5 Torsion
5.1 Assumptions of Simple Torsion Theory
The theory applies to circular cross-sections (solid or hollow) and assumes:
- The material is homogeneous and isotropic
- Plane cross-sections remain plane after twisting
- Shear stress is proportional to shear strain (elastic behaviour)
- The shaft is straight and of uniform cross-section
5.2 The Torsion Formula
The fundamental relationship linking shear stress, torque, geometry, and angle of twist:
\[\frac{T}{J} = \frac{\tau}{r} = \frac{G\theta}{L}\]
where:
- \(T\) = applied torque (N·m)
- \(J\) = polar second moment of area (m⁴)

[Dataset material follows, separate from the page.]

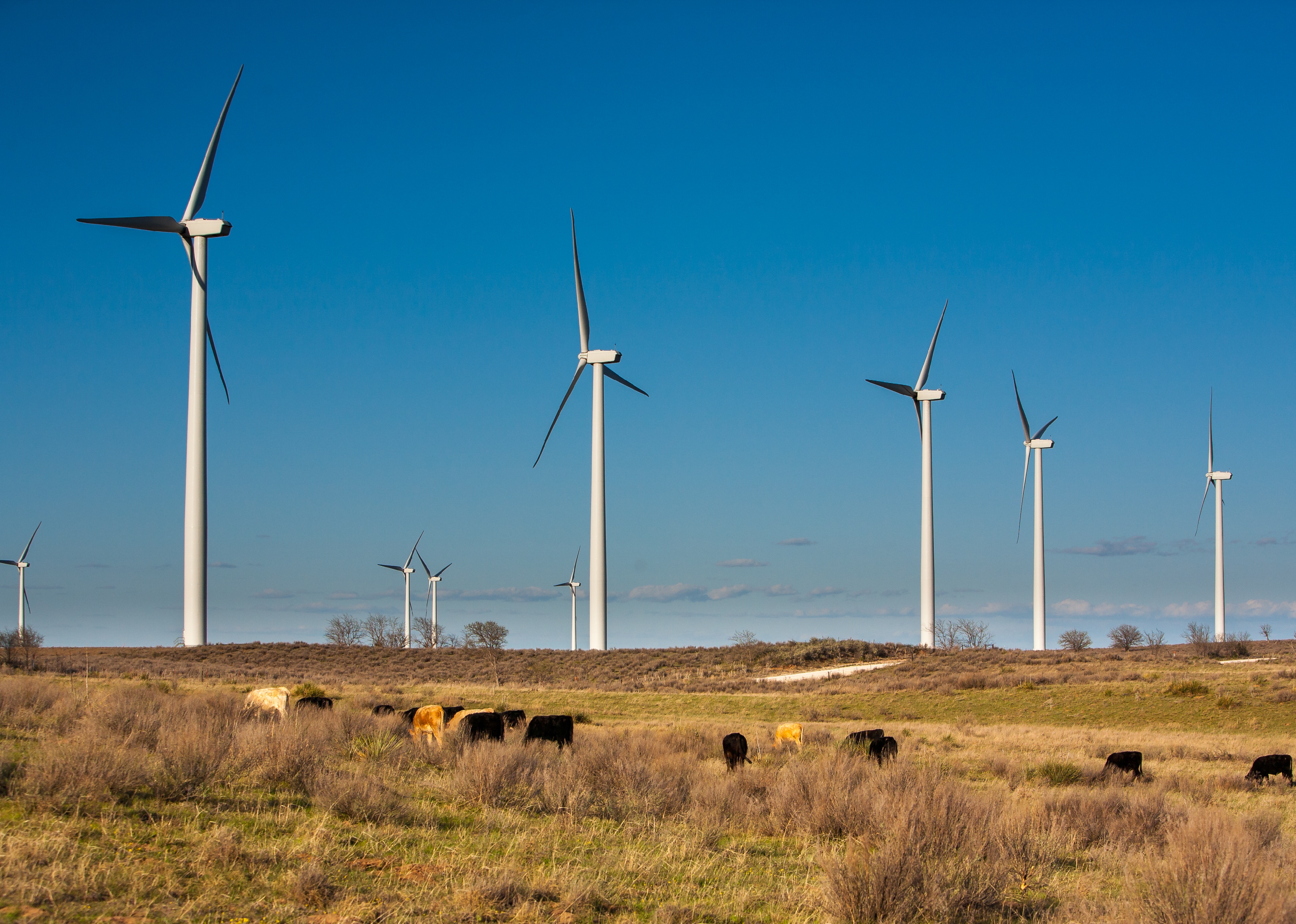 4 ветровые электростанции. Техас Wind Farm. Ветряные электростанции в Америке. Ветряная электростанция Альта. Ветрогенераторы в Америке.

- \(\tau\) = shear stress at radius \(r\) (Pa)
- \(G\) = modulus of rigidity (Pa)
- \(\theta\) = angle of twist (radians)
- \(L\) = length of shaft (m)
5.3 Polar Second Moment of Area
For a solid circular shaft of diameter \(d\):
\[J = \frac{\pi d^4}{32}\]
For a hollow circular shaft with outer diameter \(d_o\) and inner diameter \(d_i\):
\[J = \frac{\pi (d_o^4 - d_i^4)}{32}\]
5.4 Shear Stress Distribution
Shear stress varies linearly from zero at the centre to a maximum at the outer surface:
\[\tau_{\max} = \frac{T \cdot r}{J} = \frac{16T}{\pi d^3} \quad \text{(solid shaft)}\]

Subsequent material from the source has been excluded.